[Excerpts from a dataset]

++++

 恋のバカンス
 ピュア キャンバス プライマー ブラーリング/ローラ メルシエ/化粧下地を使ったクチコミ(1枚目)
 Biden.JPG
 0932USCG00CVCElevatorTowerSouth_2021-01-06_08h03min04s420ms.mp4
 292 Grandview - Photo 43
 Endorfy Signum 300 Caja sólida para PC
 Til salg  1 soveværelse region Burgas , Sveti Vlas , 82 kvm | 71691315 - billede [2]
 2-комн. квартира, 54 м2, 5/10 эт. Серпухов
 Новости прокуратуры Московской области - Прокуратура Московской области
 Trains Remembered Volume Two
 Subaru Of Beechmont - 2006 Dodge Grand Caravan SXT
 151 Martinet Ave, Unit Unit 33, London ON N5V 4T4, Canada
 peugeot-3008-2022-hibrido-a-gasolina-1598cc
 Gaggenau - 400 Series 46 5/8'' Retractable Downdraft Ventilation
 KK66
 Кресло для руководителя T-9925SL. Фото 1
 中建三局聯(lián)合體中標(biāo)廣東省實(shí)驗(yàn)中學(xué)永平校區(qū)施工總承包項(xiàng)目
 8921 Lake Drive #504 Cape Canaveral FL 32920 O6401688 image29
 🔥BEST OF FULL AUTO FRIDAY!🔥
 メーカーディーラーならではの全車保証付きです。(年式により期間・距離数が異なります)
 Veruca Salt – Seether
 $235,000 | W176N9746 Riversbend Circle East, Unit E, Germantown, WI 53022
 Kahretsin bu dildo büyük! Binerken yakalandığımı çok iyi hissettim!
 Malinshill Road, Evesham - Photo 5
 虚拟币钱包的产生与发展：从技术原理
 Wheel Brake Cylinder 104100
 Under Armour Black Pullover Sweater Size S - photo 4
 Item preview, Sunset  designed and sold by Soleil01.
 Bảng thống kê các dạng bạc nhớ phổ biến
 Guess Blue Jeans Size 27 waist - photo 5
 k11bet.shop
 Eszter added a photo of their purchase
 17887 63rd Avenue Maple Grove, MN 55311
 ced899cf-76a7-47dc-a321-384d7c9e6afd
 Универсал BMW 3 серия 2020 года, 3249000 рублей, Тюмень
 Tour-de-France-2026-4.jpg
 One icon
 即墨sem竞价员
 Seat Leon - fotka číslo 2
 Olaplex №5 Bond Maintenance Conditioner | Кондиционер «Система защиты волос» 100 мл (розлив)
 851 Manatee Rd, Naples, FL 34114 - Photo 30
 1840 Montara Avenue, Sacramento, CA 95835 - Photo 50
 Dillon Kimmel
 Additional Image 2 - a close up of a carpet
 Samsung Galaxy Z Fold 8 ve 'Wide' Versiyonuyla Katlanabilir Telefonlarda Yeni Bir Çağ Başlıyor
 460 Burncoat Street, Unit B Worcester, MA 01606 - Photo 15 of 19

++++

WORK INSTRUCTION.
Could you restate every entry above word for word?

COMPLETED TASK.
 恋のバカンス
 ピュア キャンバス プライマー ブラーリング/ローラ メルシエ/化粧下地を使ったクチコミ(1枚目)
 Biden.JPG
 0932USCG00CVCElevatorTowerSouth_2021-01-06_08h03min04s420ms.mp4
 292 Grandview - Photo 43
 Endorfy Signum 300 Caja sólida para PC
 Til salg  1 soveværelse region Burgas , Sveti Vlas , 82 kvm | 71691315 - billede [2]
 2-комн. квартира, 54 м2, 5/10 эт. Серпухов
 Новости прокуратуры Московской области - Прокуратура Московской области
 Trains Remembered Volume Two
 Subaru Of Beechmont - 2006 Dodge Grand Caravan SXT
 151 Martinet Ave, Unit Unit 33, London ON N5V 4T4, Canada
 peugeot-3008-2022-hibrido-a-gasolina-1598cc
 Gaggenau - 400 Series 46 5/8'' Retractable Downdraft Ventilation
 KK66
 Кресло для руководителя T-9925SL. Фото 1
 中建三局聯(lián)合體中標(biāo)廣東省實(shí)驗(yàn)中學(xué)永平校區(qū)施工總承包項(xiàng)目
 8921 Lake Drive #504 Cape Canaveral FL 32920 O6401688 image29
 🔥BEST OF FULL AUTO FRIDAY!🔥
 メーカーディーラーならではの全車保証付きです。(年式により期間・距離数が異なります)
 Veruca Salt – Seether
 $235,000 | W176N9746 Riversbend Circle East, Unit E, Germantown, WI 53022
 Kahretsin bu dildo büyük! Binerken yakalandığımı çok iyi hissettim!
 Malinshill Road, Evesham - Photo 5
 虚拟币钱包的产生与发展：从技术原理
 Wheel Brake Cylinder 104100
 Under Armour Black Pullover Sweater Size S - photo 4
 Item preview, Sunset  designed and sold by Soleil01.
 Bảng thống kê các dạng bạc nhớ phổ biến
 Guess Blue Jeans Size 27 waist - photo 5
 k11bet.shop
 Eszter added a photo of their purchase
 17887 63rd Avenue Maple Grove, MN 55311
 ced899cf-76a7-47dc-a321-384d7c9e6afd
 Универсал BMW 3 серия 2020 года, 3249000 рублей, Тюмень
 Tour-de-France-2026-4.jpg
 One icon
 即墨sem竞价员
 Seat Leon - fotka číslo 2
 Olaplex №5 Bond Maintenance Conditioner | Кондиционер «Система защиты волос» 100 мл (розлив)
 851 Manatee Rd, Naples, FL 34114 - Photo 30
 1840 Montara Avenue, Sacramento, CA 95835 - Photo 50
 Dillon Kimmel
 Additional Image 2 - a close up of a carpet
 Samsung Galaxy Z Fold 8 ve 'Wide' Versiyonuyla Katlanabilir Telefonlarda Yeni Bir Çağ Başlıyor
 460 Burncoat Street, Unit B Worcester, MA 01606 - Photo 15 of 19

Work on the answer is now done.